Foto: acervo pessoal

 

Jornalista “ecano”, entusiasta do pebolim e do tênis de mesa em sua época de CJE, com mais de 50 anos de experiência em redação, Luis Nassif é o novo ombudsman do JC. Palavra de origem sueca, que significa “representante do cidadão”, o ombudsman tem como função enxergar os pontos negativos e fazer críticas ao jornal do ponto de vista do leitor. O colunista do independente Jornal GGN (Grupo Gente Nova) é um conhecido crítico do jornalismo atual. 

Já trabalhou na Folha de S.Paulo, Rádio Bandeirantes e no Jornal da Tarde. Neste ano, recebeu o Troféu Audálio Dantas, que premia jornalistas pela defesa da democracia e da liberdade de expressão. Nesse sentido, Nassif tem sua cota de processos judiciais por falar o que pensa e o que julga relevante. Ele afirma que uma das principais ameaças à liberdade de expressão é o judiciário, que, muitas vezes, sentencia multas como represálias aos jornais.  

Segundo o jornalista, hoje, falta à imprensa capacidade de valoração da informação, ou seja, de trazer o enfoque mais relevante para as notícias e não o desejado. Outro problema é a utilização do modelo de jornalismo da Fox News importado para o Brasil em 2004, que consiste em transformar a mídia em partido político, priorizando ideologia em vez de informação. Isso comprometeu a imagem da imprensa “de forma visceral justamente no momento em que a informação mudava o perfil com as redes sociais”. 

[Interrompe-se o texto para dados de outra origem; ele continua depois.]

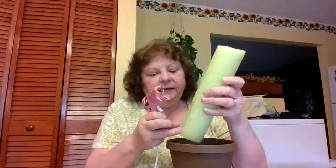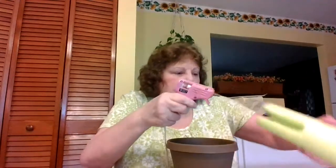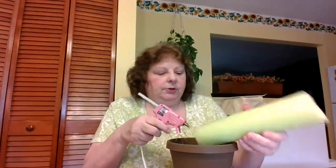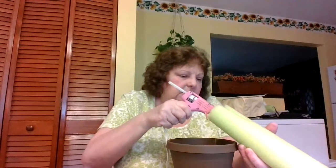Here are your three different lengths. Now we're going to glue them into our pot. I have my glue gun all ready to go, and you're going to put a little notch in them so they stay better. You're going to put some glue on them — and this is really hot, so you have to be careful. Maybe mom, dad, or an older brother or sister can help you with this. Put enough glue on so that it'll stay.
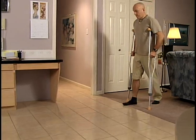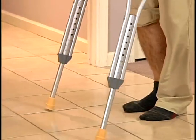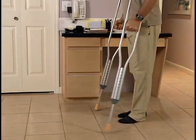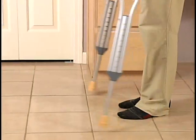Start walking by placing the crutches in front of you. Then, step with your surgical leg. Press down through your arms and follow with your strong or non-surgical leg.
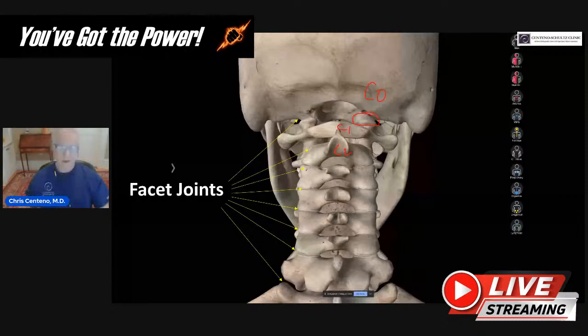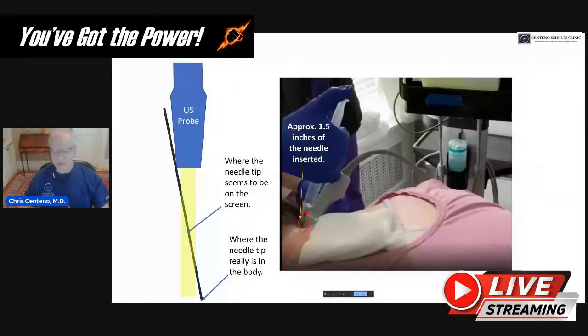We see here that this provider took that very, very big needle, and the vast majority of the needle is now buried in this woman's neck. This woman seems about average weight by looking at the amount of heft around her neck — so that's pretty darn deep right now. As an expert in this area, I can see she's got the probe going one direction and the needle going another direction, so they're not parallel. What's happening is she's seeing the needle somewhere in here, thinking that's the tip — when in fact, the tip is way down here, out of her imaging plane.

Luis Nassif também foi um dos pioneiros do jornalismo eletrônico no Brasil, lançando em 2005 o Blog do Nassif. O site recebeu o prêmio de melhor blog de política tanto por voto popular quanto pelo júri especializado no ano de 2008. O modo como a mídia se adaptou à era digital tampouco passou ileso pela mente crítica do jornalista. 

Para Nassif, o estilo adotado de notas curtas somado à precarização das redações resultaram na desvantagem do jornalismo frente à internet. “Os jornais entram no campo do adversário, usando as armas do adversário, em vez de ser aquela parte mais aprofundada, que consolida o que a internet deu no dia anterior”, disse.

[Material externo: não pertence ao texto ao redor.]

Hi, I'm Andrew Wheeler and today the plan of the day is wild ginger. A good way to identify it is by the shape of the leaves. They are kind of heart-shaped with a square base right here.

Quais as principais questões que precisam ser trabalhadas no jornalismo atual?

Um dos principais problemas é buscar informação objetiva. Mas a informação objetiva exige uma valoração, ou seja, tem que saber o que é relevante, o que não é relevante. Tem que saber interpretar a informação e interpretar não é usar a narrativa que quero para informação. É saber se aquela informação se adequa ao conteúdo que estou levantando. E, finalmente, contextualizar. Pegar aquela informação dentro de um contexto maior e contar uma história que tenha começo, meio e fim, que tenha pé e cabeça. 

Um dos grandes problemas do jornalismo atual, principalmente a partir de 2004, 2005, é esse negócio da valoração. Por exemplo, um ministro que comprou uma paçoca com cartão corporativo é transformado em escândalo. Isso é fake news. Fake news não é só a informação errada, é a ênfase errada também. 

Você mencionou os anos de 2004 e 2005. Por que esse período trouxe novos problemas no fazer jornalístico?

Os jornais tiveram uma frase de excesso de poder nos anos 1990 com o impeachment de Collor. Pensaram que podiam ter atuação política e usaram isso em termos de mercado, de conseguir o público. Em 1999, eles quebraram, porque fizeram grandes investimentos nos anos anteriores. E veio a valorização cambial e a internet, trazendo novos desafios. 

Sem saber como se situar, os jornais seguiram as orientações do Roberto Civita, da Editora Abril, que trouxe o padrão Murdoch, do Rupert Murdoch [principal acionista da News Corporation, conglomerado por trás da Fox] para o Brasil, que consistia em criar um clima de guerra, transformar a mídia em partido político, fazer discurso de ódio e mentir. 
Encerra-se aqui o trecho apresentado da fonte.